Thursday, June 14, 2007

Quantifying Security using Metrics

There is a great deal of valuable data that can be gained from the penetration test element of an assessment. Knowing whether or not your perimeter, for example, is secure and validating that knowledge is important. Looking at the scope of the assessments that I have recently been working on I think most people are looking to gain more than just an initial validation of their existing security controls.

Any good penetration test or vulnerability assessment will deliver a set of results that will include a listing of vulnerabilities and assign a risk value to those vulnerabilities along with some remediation measures. Most of these assessments will use the following calculations or variants thereof: Risk = Threat x Vulnerability or Risk = (Threat x Vulnerability) x Impact and Annual Loss Expectancy = Single Loss Expectancy x Annualized Rate of Occurrence. These calculations, while a great means of assessing risk, are usually applied to a risk management lifecycle that is circular and repeating .This, in my opinion, creates an environment in which risk is not being managed but is really just being identified and fixed and re-identified. This creates a reactive rather than proactive environment. Also, these calculations rely on values that are hard, if not impossible to define in all but the simplest of situations or scenarios.

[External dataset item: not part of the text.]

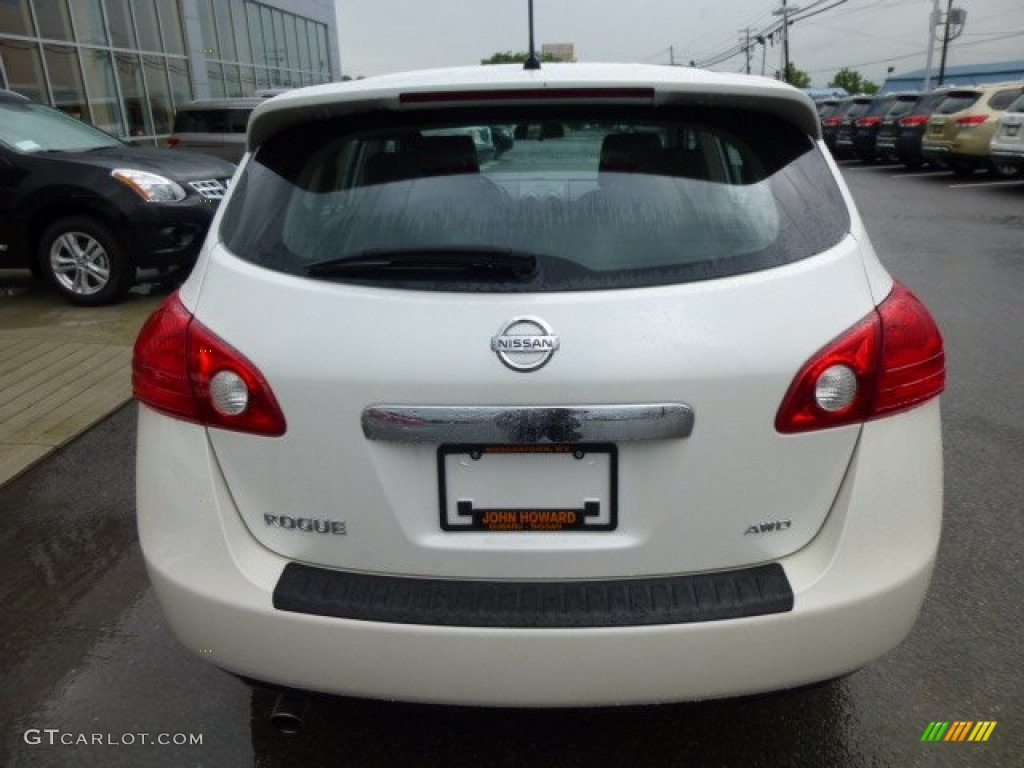 2011 Rogue S AWD - Pearl White / Gray photo #10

Lets assume that after the installation of an IDS/IPS at your perimeter, you detected hotbar/spybar spyware traffic indicating that users on managed stations had local admin rights in order to be able to install the malware. Using this information you were able to assess your current controls and determine why they had admin rights and take steps to fix it. While the product has proved it’s worth, it was a reactive response to an issue. Ideally being able to define a set of metrics by which to measure the security of the host’s configuration would allow you to better define, assess and improve the security controls you have in place. By tracking this data over time you can move towards a more proactive environment.

Using the example of Host Configuration Management I would look to achieve the following:

A Benchmark score for Workstations/Laptops/Servers. - This allows you to standardize configurations and characterize the degree of lockdown applied to the OS.

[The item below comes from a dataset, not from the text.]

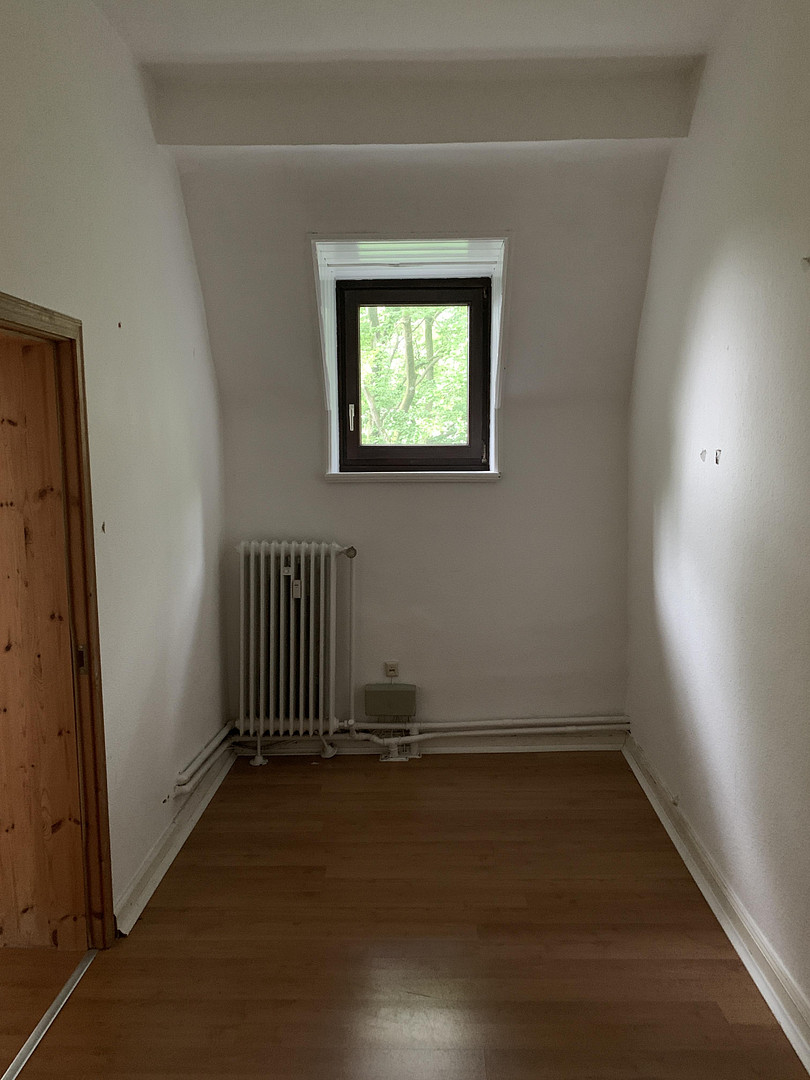 Jugendstil Dachgeschosswohnung mit vier (4,5) Zimmern, 3 Zinnentürmchen, Terasse & Einbauküche in MG – Mönchengladbach(Venn) – Vorschaubild 8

The percentage of Workstations/Laptops/Servers using the standard build image. - This allows you to measure the conformance of systems in your environment to the standard build.

The percentage of systems in compliance with the standard configuration. - This shows how many systems conform to the standard build requirements regardless of how the system was build (manual, image, etc..)

The network services ratio. - This identifies potential ingress points on the hosts. Tracking unnecessary/vulnerable services that should be disabled allows you to determine the number or percentage of systems deviating from your standard build as well as potential ingress points or vulnerable systems. This data can also be applied to your patch management processes in order to prioritize which systems require immediate patching, etc...

The percentage of systems that are remotely managed. - This would identify the systems that can be administered remotely and are subject to patch management and anti-malware controls.

The percentage of critical systems actively being monitored. - This helps identify the extent of uptime and monitoring controls in place.

The number/percentage of systems logging events remotely. - This determines how many systems are forwarding security event data to a central log server.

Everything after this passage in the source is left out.